First-person shooters seem perfectly suited to VR, even more so when there is no movement involved. Pixel Gear slots perfectly into a niche that is currently lacking in PS VR’s library but struggles to provide an enjoyable experience that is further diminished by its short length.
Turn, Point, and Shoot
Pixel Gear is a wave-based shooter that pits cartoon monsters, zombies, and ghosts amongst others against you. The premise is as simple as it gets, aim and shoot the increasing waves of enemies while making sure nothing is creeping up on you. Ignore enemies at your peril as they provide an additional challenge by launching projectiles at you if they survive your sharpshooting. However, it should not be a problem for anyone with a trigger-happy finger.
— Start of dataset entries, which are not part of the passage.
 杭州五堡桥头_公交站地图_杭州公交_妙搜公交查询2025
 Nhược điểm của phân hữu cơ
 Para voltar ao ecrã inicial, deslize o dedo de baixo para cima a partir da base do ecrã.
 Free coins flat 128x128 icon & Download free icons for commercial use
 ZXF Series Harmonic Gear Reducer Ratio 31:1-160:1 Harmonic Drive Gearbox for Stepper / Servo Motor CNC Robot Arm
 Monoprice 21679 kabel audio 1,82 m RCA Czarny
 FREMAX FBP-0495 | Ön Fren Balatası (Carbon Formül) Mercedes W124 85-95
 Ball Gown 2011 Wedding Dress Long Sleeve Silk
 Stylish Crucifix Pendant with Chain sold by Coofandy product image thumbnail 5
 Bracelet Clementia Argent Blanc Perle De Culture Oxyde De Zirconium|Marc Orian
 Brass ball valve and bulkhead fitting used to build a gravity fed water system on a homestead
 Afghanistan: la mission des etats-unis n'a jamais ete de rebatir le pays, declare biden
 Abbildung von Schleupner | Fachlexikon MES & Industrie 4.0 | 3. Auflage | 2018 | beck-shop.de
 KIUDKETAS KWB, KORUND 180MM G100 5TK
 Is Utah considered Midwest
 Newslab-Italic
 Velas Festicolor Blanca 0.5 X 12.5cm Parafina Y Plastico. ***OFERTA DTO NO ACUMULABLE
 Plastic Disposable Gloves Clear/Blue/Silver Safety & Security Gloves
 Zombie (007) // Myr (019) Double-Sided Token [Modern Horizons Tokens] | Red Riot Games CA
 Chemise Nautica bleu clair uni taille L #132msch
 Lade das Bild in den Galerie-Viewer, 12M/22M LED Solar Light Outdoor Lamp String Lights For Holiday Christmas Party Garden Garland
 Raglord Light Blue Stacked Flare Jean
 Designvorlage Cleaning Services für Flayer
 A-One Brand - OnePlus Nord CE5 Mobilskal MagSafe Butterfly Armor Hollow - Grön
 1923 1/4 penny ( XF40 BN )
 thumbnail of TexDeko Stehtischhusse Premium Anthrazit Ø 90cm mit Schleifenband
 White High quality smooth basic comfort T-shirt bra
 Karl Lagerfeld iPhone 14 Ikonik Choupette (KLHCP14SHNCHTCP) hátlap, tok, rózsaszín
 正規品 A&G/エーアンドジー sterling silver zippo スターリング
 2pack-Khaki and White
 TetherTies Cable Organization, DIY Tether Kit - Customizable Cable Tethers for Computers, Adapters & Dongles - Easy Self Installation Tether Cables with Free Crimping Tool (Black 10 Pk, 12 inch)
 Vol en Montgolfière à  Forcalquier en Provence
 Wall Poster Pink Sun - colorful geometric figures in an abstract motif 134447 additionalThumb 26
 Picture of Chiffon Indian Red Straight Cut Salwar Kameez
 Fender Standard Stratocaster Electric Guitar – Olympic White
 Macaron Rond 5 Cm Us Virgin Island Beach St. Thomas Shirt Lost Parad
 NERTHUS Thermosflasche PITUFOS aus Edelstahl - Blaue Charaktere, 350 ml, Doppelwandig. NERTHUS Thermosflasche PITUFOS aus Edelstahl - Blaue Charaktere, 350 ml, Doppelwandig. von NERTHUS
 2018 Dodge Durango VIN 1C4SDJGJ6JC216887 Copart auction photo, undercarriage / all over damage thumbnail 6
There are a small variety of enemies that will try to swarm you, from blocky bats, scary witches to Frankenstein’s monster, but subsequent waves start to feel the same and repetitive with little to offer. In fact, they offer so little resistance that the game throws more enemies at you just to make it a little more exciting. The only challenge of the game are the boss enemies that may require a little trial and error to best, but again, nothing too difficult for the typical gamer to handle.
A Square Peg In A Round Hole
The mechanic of using the Playstation Move controller (Dualshock 4 is not supported) to aim and shoot is so simple and perfect, it is a shame that this was not coupled with a more fleshed-out and well-designed game. The shooting itself is unable to hold together uninteresting level design, easy enemies and a lack of a gameplay hook to keep you going.
With three difficulty levels and only three worlds to get past, there is frankly very little replayability and veer towards a boring experience. The addition of more weapons does little to spice things up. Even the starting gun is vastly more useful than a sniper rifle that requires you to look down the scope when enemies are advancing thick and fast.
Pixel Gear could have been an awesome PS VR first-person shooter entry with its simple but excellent control scheme, but ultimately it is hampered by a lack of meaningful content and uninspired design. While it demonstrates that the importance of getting the controls right could go a long way, it also illustrates the pitfalls of having little else to back that up.